I would argue that in the process of evolving a Constitution, we should think seriously of checks and balances. It is high time that we agreed that power emanates from the people and that the custodians of that power are the people's representatives, Parliament. It is Parliament which should play a prominent role in governing, by supervising the executive. So far our Parliaments have been rubber-stamping legislation proposed by Government as their main activity. This should change to a more active role in checking the executive's decisions and their implementation. Of course, some constitutional innovation will be necessary to make this arrangement possible. One would have to re-think the details, e.g. the composition of Parliament, its term of office, its summoning and proroguing, its powers vis-a-vis the executive etc.
Various views can be raised on these. But the point I am trying to make is that it will be more of a people's government if the people are keeping it into check.
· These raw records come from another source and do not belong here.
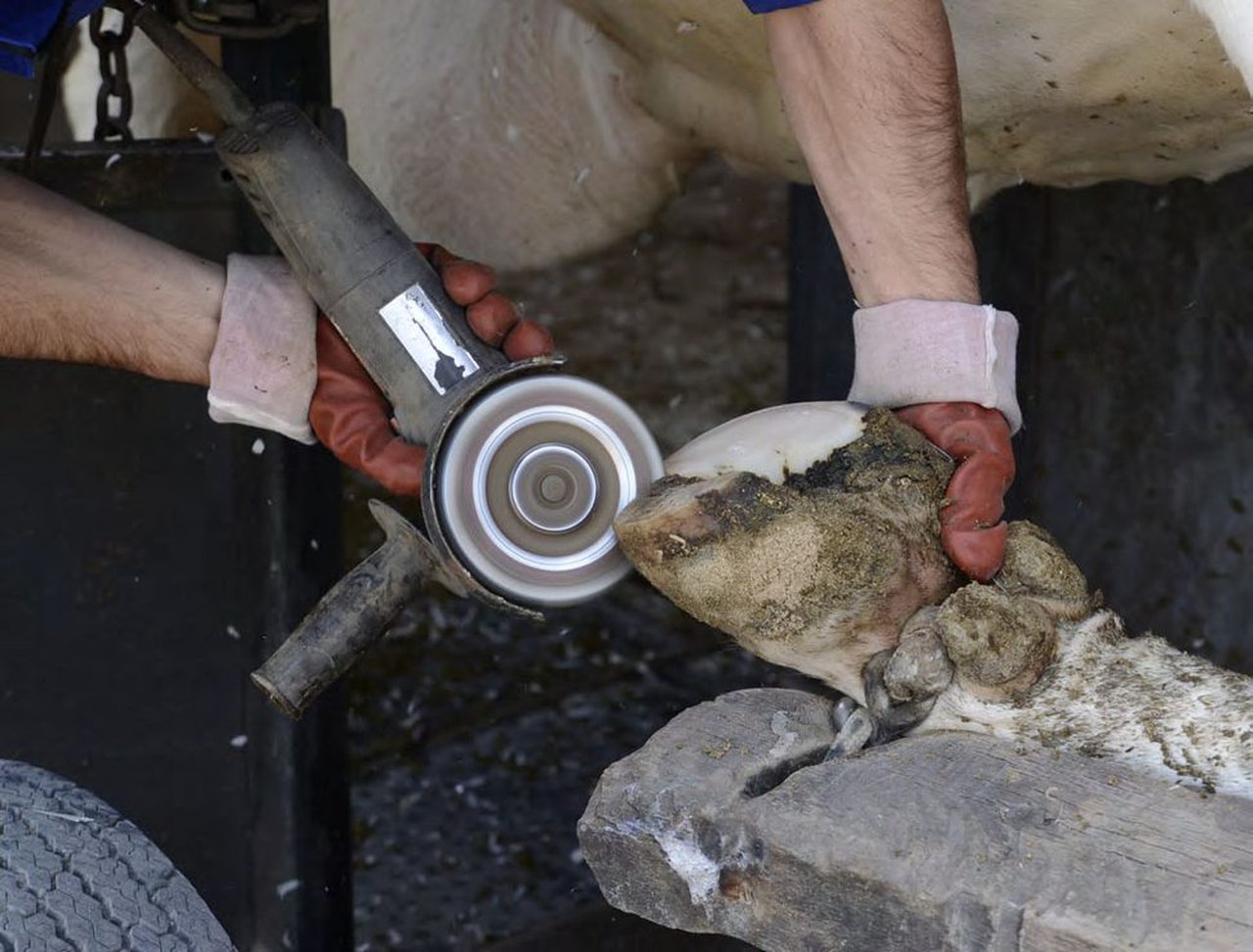 La importancia de realizar recorte funcional de pezuñas en vacas lecheras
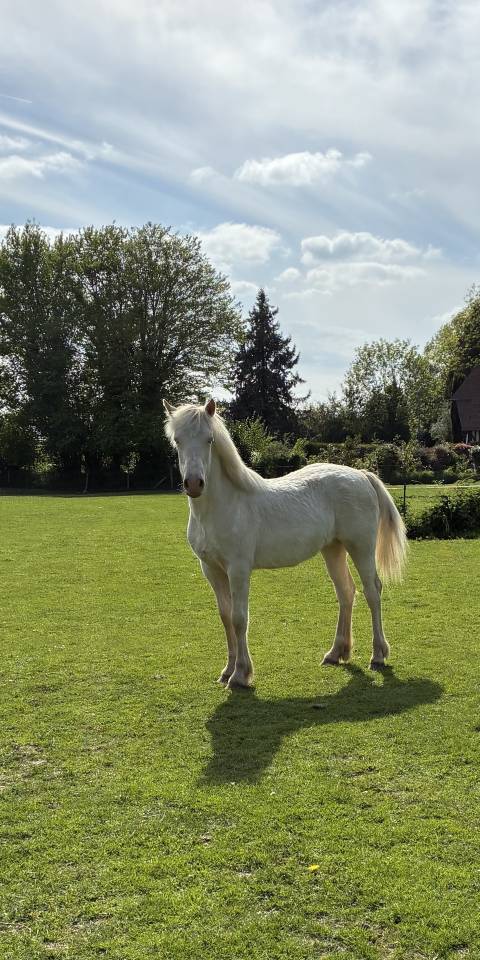 Pouliche welsh cob D creme 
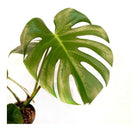 Monstera Deliciosa in Moss Pole - Medium Plant Studio LLC 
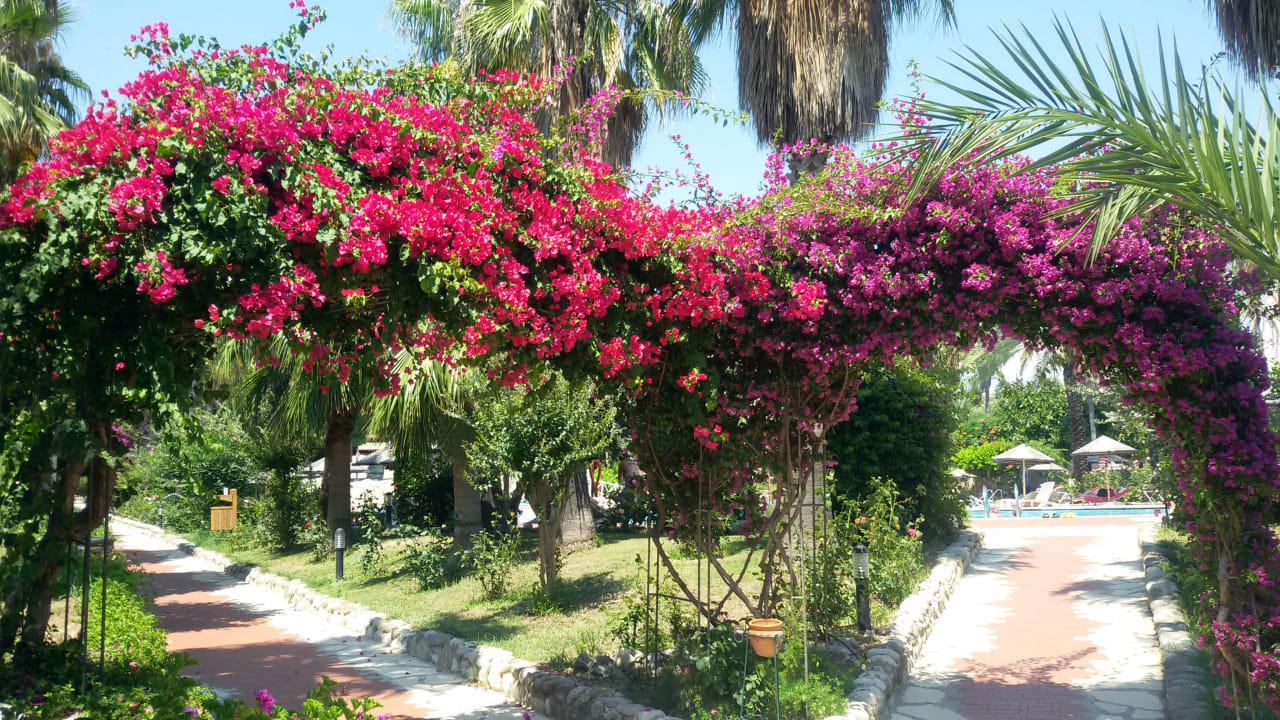 Gartenanlage Hotel Defne Garden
This is one way of safeguarding it and hence the constitution on which it is based
 See Article 26 of the Constitution of Uganda 1967.
 According to that Constitution, the President is the Commander-in-Chief of the Army, he decides on its operations, he makes all appointments to public offices, he can summon and prorogue Parliament, handles foreign relations etc. The significant point is that it is only in very few instances where he is bound to seek advice and even then, he need not take it.
Devolution of powers for people's participation in affairs directly affecting them will be supported by the people and will be difficult to tamper with. The current Constitution is almost a deliberate attempt to alienate the people from governance. It provides an unduly centralised system in which almost every decision is made far away from the people. To me the 1967 Constitution is a paranoiac reaction to the political circumstances that led to the federal arrangements of 1962, the ethnic pluralism. Experience has shown that centralisation of power does not necessarily create nations out of plural societies and it has not done so in respect of Uganda. What it has succeeded in doing is to make government an entity separate from the people. Government is felt negatively as when it collects taxes or fails to have its bureaucratic economic organisation pay for people's produce.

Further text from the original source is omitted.